Rédactrice passionnée qui a vécu dans plus de 25 pays toujours à la recherche de la dernière information.

Revenons au travail de Stéphane Leduc, une personne passionnée aussi forte que son esprit qui, grâce à son dévouement, son courage et son travail acharné, a su ouvrir la voie à ses perspectives pour qu’elles se réalisent et que plusieurs de ses rêves se réalisent. . Le parcours professionnel sain est souvent négligé, mais il est riche d’enseignements, d’inspiration, de pragmatisme et de nombreux défis.

L’histoire de la maison d’édition Leduc S est avant tout une affaire de famille. Cela a commencé en 1983, lorsque le père de Stéphane, ancien journaliste et rédacteur en chef du magazine (Maisons et Jardins) devient Directeur des Collections aux Éditions Marabout, qui étaient l’éditeur du Travail de poche. Ce type est complètement mal vu et passe sous le radar en France contrairement aux Etats-Unis ou en Angleterre où le vent a ses propres voiles.

Son père – comme tous les employés – dépend de son autorité, des méthodes de son organisation. Il raconte à son fils toute sa frustration de ne pas pouvoir publier tous les livres qu’il aurait souhaités. De plus, il faut souvent plus de deux ans pour vendre une idée de projet à ses supérieurs. Quel gâchis et occasion manquée ! Cependant, des voitures pleines de livres arrivent au bureau et remplissent la maison de la famille Leduc. Et le père transmet légalement et naturellement à son fils le virus de la lecture et l’amour de la littérature qui – légalement – dure toute une vie.
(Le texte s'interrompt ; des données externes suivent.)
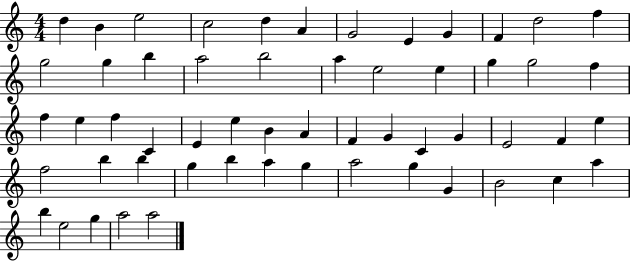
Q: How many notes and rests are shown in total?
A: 56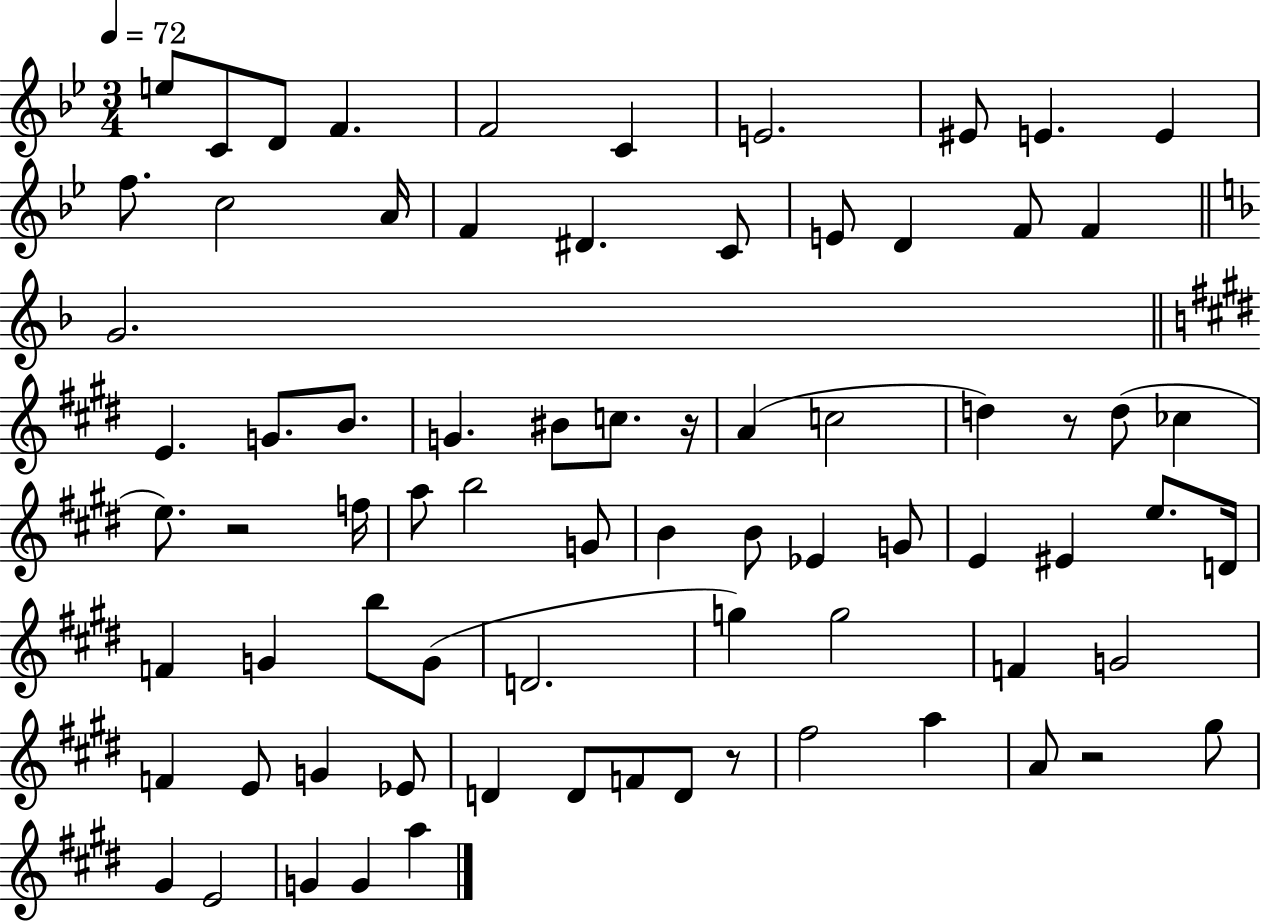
{
  \clef treble
  \numericTimeSignature
  \time 3/4
  \key bes \major
  \tempo 4 = 72
  \repeat volta 2 { e''8 c'8 d'8 f'4. | f'2 c'4 | e'2. | eis'8 e'4. e'4 | \break f''8. c''2 a'16 | f'4 dis'4. c'8 | e'8 d'4 f'8 f'4 | \bar "||" \break \key d \minor g'2. | \bar "||" \break \key e \major e'4. g'8. b'8. | g'4. bis'8 c''8. r16 | a'4( c''2 | d''4) r8 d''8( ces''4 | \break e''8.) r2 f''16 | a''8 b''2 g'8 | b'4 b'8 ees'4 g'8 | e'4 eis'4 e''8. d'16 | \break f'4 g'4 b''8 g'8( | d'2. | g''4) g''2 | f'4 g'2 | \break f'4 e'8 g'4 ees'8 | d'4 d'8 f'8 d'8 r8 | fis''2 a''4 | a'8 r2 gis''8 | \break gis'4 e'2 | g'4 g'4 a''4 | } \bar "|."
}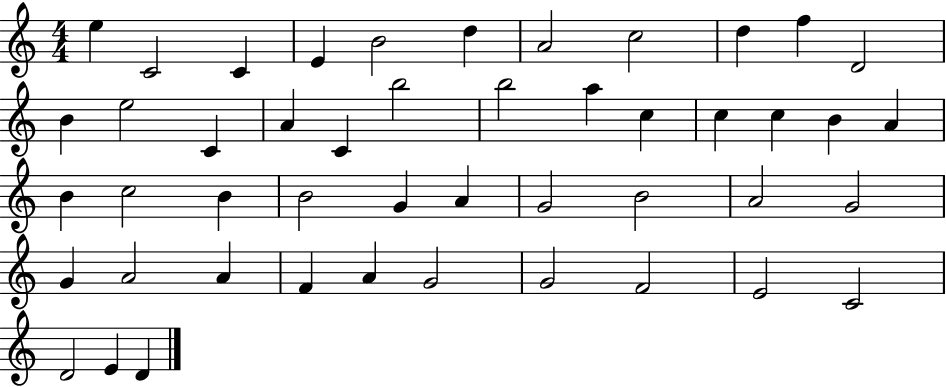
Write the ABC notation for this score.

X:1
T:Untitled
M:4/4
L:1/4
K:C
e C2 C E B2 d A2 c2 d f D2 B e2 C A C b2 b2 a c c c B A B c2 B B2 G A G2 B2 A2 G2 G A2 A F A G2 G2 F2 E2 C2 D2 E D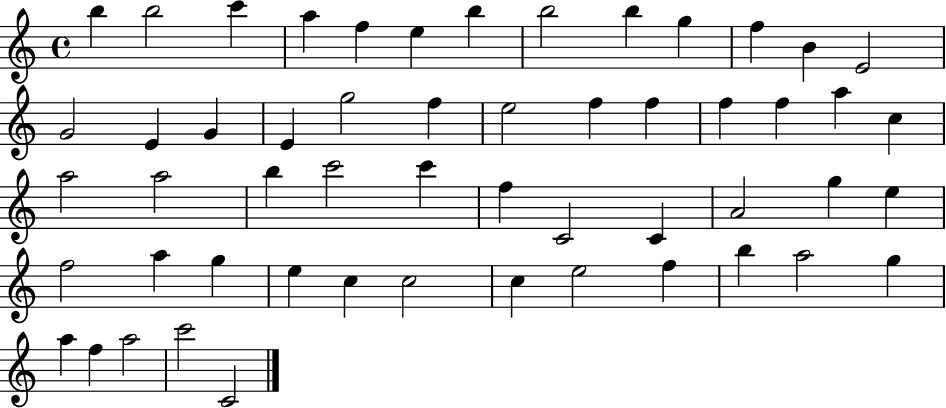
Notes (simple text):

B5/q B5/h C6/q A5/q F5/q E5/q B5/q B5/h B5/q G5/q F5/q B4/q E4/h G4/h E4/q G4/q E4/q G5/h F5/q E5/h F5/q F5/q F5/q F5/q A5/q C5/q A5/h A5/h B5/q C6/h C6/q F5/q C4/h C4/q A4/h G5/q E5/q F5/h A5/q G5/q E5/q C5/q C5/h C5/q E5/h F5/q B5/q A5/h G5/q A5/q F5/q A5/h C6/h C4/h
A une époque où les garçons aiment le football ou la guerre, Stéphane Leduc se nourrit d’oeuvres importantes telles que Napoleon Hill (Réfléchir et devenir riche) ou Dale Carnegie (Comment se faire des amis) entre autres.

DES DEBUTS MODESTES 

Favorisé par son père et les médias, il passe son bac avec brio et ne poursuit pas ses études. Il n’a jamais été salarié et est donc une personne indépendante pour saisir le minitel pour la construction de « sites » (l’équivalent d’un webmaster aujourd’hui). Il est spécialisé dans la rédaction et la conception de contenus web et travaille principalement pour le Groupe Marie-Claire, NRJ et Tokoloho. Comme son père, il est un homme de l’actualité. Mais cette position professionnelle ne le satisfait pas complètement. Un réexamen s’impose.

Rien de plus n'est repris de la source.